BUSINESS WIRE–The second-year results of Money Matters on Campus, a survey of 65,000 first-year college students across the U.S., show there’s a need for more and differentiated financial literacy education in K-12 environments, the survey’s sponsors say.
Further, the sponsors say, results indicate that colleges and universities should provide financial education early in the college experience to maximize the likelihood that students will make sound financial decisions and increase their chances of degree completion.
The study–conducted by education technology company EverFi and sponsored by Higher One, which offers financial- aid disbursement services for universities–surveyed students on banking, savings, credit cards and school loans, as well as a series of questions designed to assess students’ financial knowledge. Researchers said they found significant differences in the financial capabilities of students based on age, race, gender and institution type.
Students who received financial literacy education in high school scored significantly higher than their peers on financial knowledge questions and are significantly more responsible when it comes to money.
Further, while no group of students scored particularly well on the knowledge-based questions, with students on average getting 2.3 out of six questions correct, financial knowledge significantly increased with responsible fiscal attitudes and behaviors, age, high school financial literacy education experience and socioeconomic status. And while males scored higher on the financial knowledge questions, females exhibited more responsible fiscal behaviors overall.

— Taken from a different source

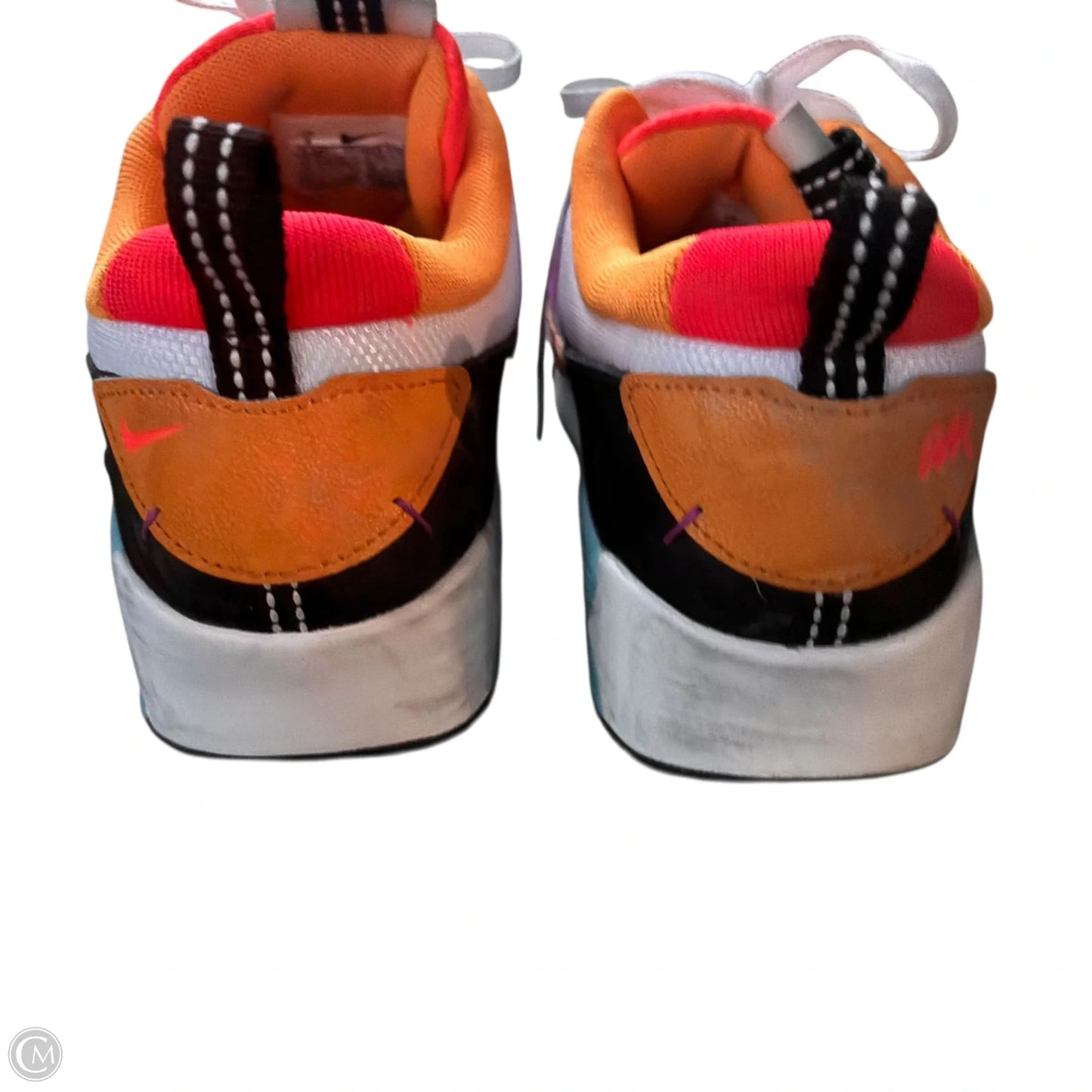 Shoes Sneakers By Nike In Multi-colored, Size: 8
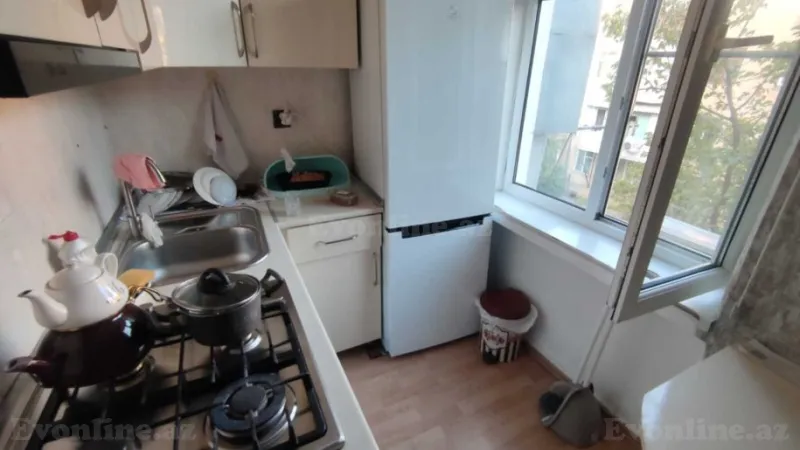 Satılır 2 otaqlı Mənzil Köhnə tikili 60 m² Sabunçu r. - şəkil 3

“These results show the need to start financial literacy education in the K-12 setting and for institutions to provide educational programs early on in a student’s college experience that take into account attitudinal, behavioral and demographic differences,” said Mary Johnson, Director of Financial Literacy and Student Aid Policy at Higher One. “It’s critical that young adults receive a sound financial education as they make long-lasting decisions about college and how to finance their education.”
Student responses to this year’s Money Matters on Campus survey support last year’s results that several predictive actions and attitudes indicate positive or negative outcomes on a student’s fiscal behaviors, the researchers said. For instance, having a checking account was again found to significantly predict fiscal behaviors such as budgeting, saving and managing debt. Additionally, this research shows that as credit card debt and/or school loan debt increased, students were more likely to demonstrate unhealthy attitudes and behaviors towards spending, saving and debt.
Traditional financial literacy education focuses primarily on providing simple financial knowledge and reactionary tools, without accounting for a student’s individual attitudes, motivation and behaviors, the researchers said. Money Matters on Campus details the need for a new, proactive approach to financial literacy education based on identified existing attitudes and behaviors and provides data that can be used to create and implement such approaches.
A full copy of Money Matters on Campus can be found at www.moneymattersoncampus.org.